Needless to say, I needed to in lean so I could move quickly. Fortunately, I had acquired some battery-powered LED lights just last month. You’d be amazed how much time can be wasted just searching around for outlets to plug into! With my new battery-powered lights I just plant the light, turn it on, and I’m in business. So I brought two of those, one for each hand to carry while I sling my camera over my shoulder. This turned out to be a life saver and I got all the shots done from the shot list just under the wire. Oh, and I made sure to take green gel with me, too, to balance my lights with the green cast of the health center’s overhead lights.
One note here: Even thought I am a photographer, I also work just about as much as a director. Since the magazine’s editors had very specific shots they wanted for their story, such as the doctor working with patients and colleagues, this meant I needed to set up and stage scenes so I could get these shots in a timely manner. Waiting around until the scenarios they wanted might happen is not practical. So it helps to have a nice set of directing skills in my quiver for these types of shoots as well.
I couldn’t rely on LED lights for the portrait, however. I knew I’d be shooting either outdoors or with windows in the photo so I needed to also come with strobe lights that offered more power than LEDs so I could compete with daylight. The first photo below is what was chosen as the portrait for the cover photo. Usually I like to include a second light for an edge on the subject, but with time short I had to focus only on the essentials.

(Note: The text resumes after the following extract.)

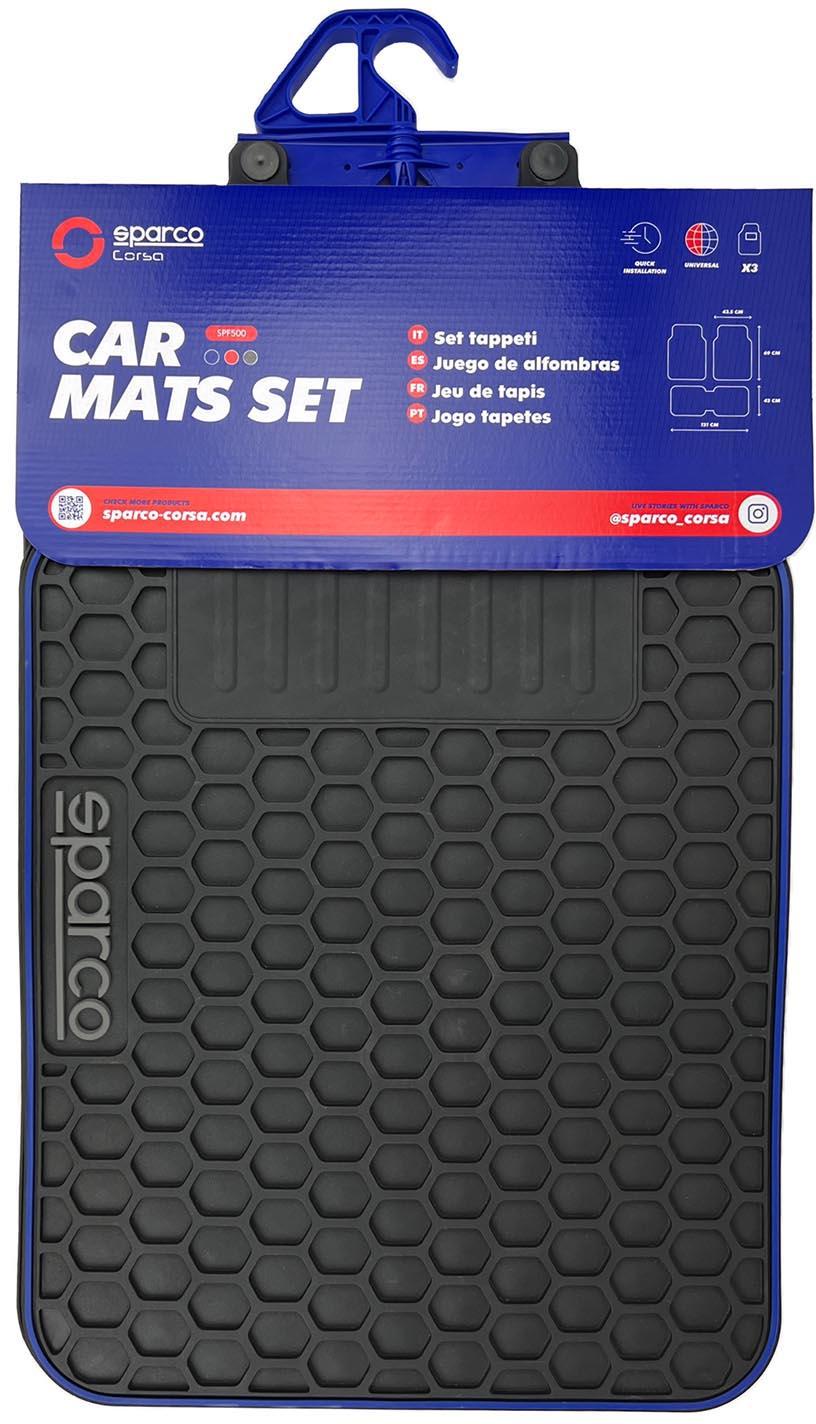 Sparco PVC Car Mat - Black/Blue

The final story was published in their May 2018 issue. You can see it online here. For the top photo they somehow turned the doctor purple! (the same image appears at the bottom of the story as a cover image for the video. There the colors appear as I sent it to them). As is the case with my editorial clients, I send them .tiff files in the AdobeRGB color space, which is the preferred color space for print publications. The Web uses a smaller color space called sRGB. This means the photos need to be properly converted to sRGB prior to publication on the Web, otherwise you will get some very funky colors!